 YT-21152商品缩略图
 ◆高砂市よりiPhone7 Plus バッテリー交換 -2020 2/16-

* * *

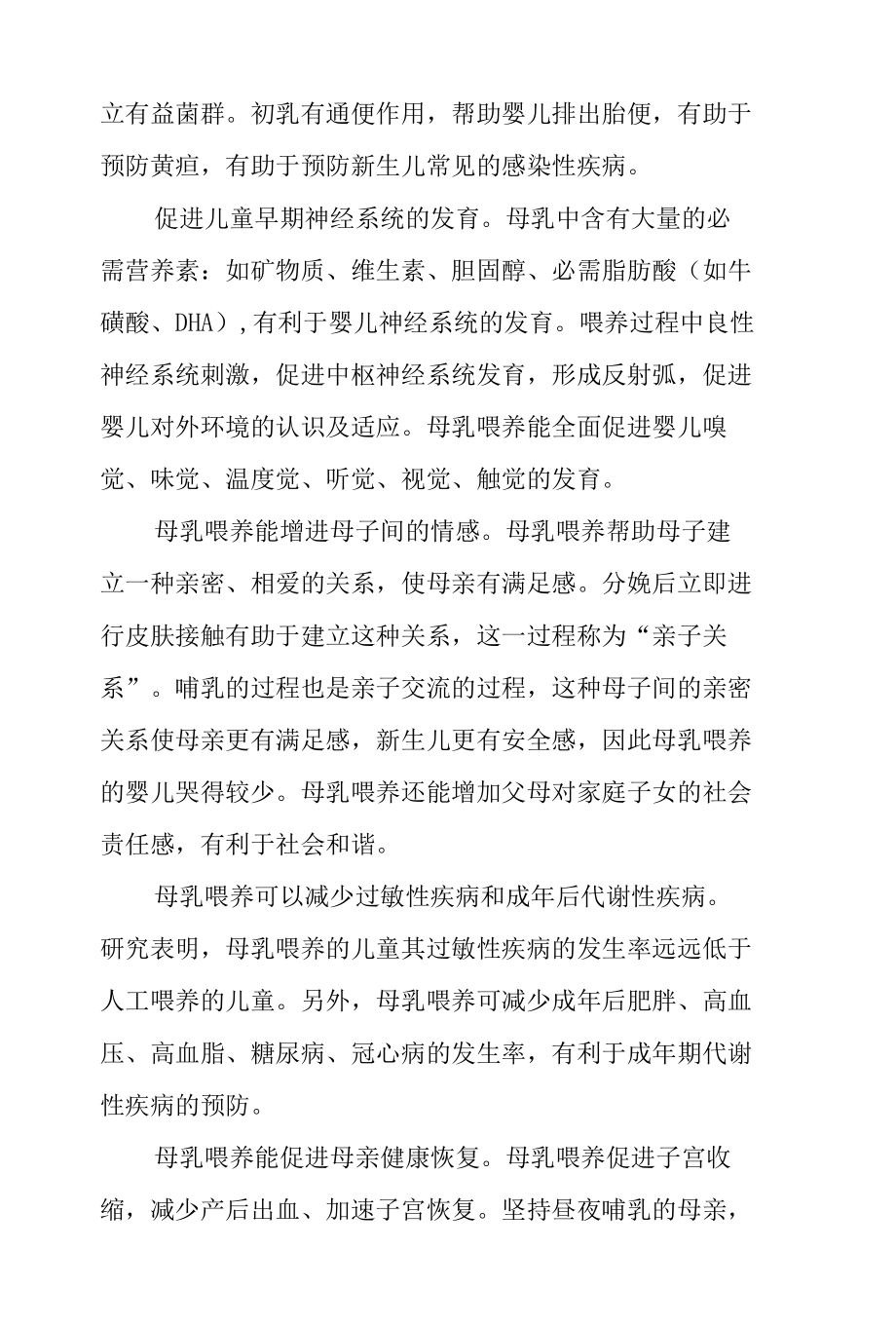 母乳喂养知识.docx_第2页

WHAT NEEDS TO BE DONE
Look above for the line holding "YT-21152商品缩略图" and the line holding "Plus バッテリー交換 -2020", then output exactly those two lines and every line between them, nothing more.

ANSWER TO THE PROBLEM
 YT-21152商品缩略图
 ◆高砂市よりiPhone7 Plus バッテリー交換 -2020 2/16-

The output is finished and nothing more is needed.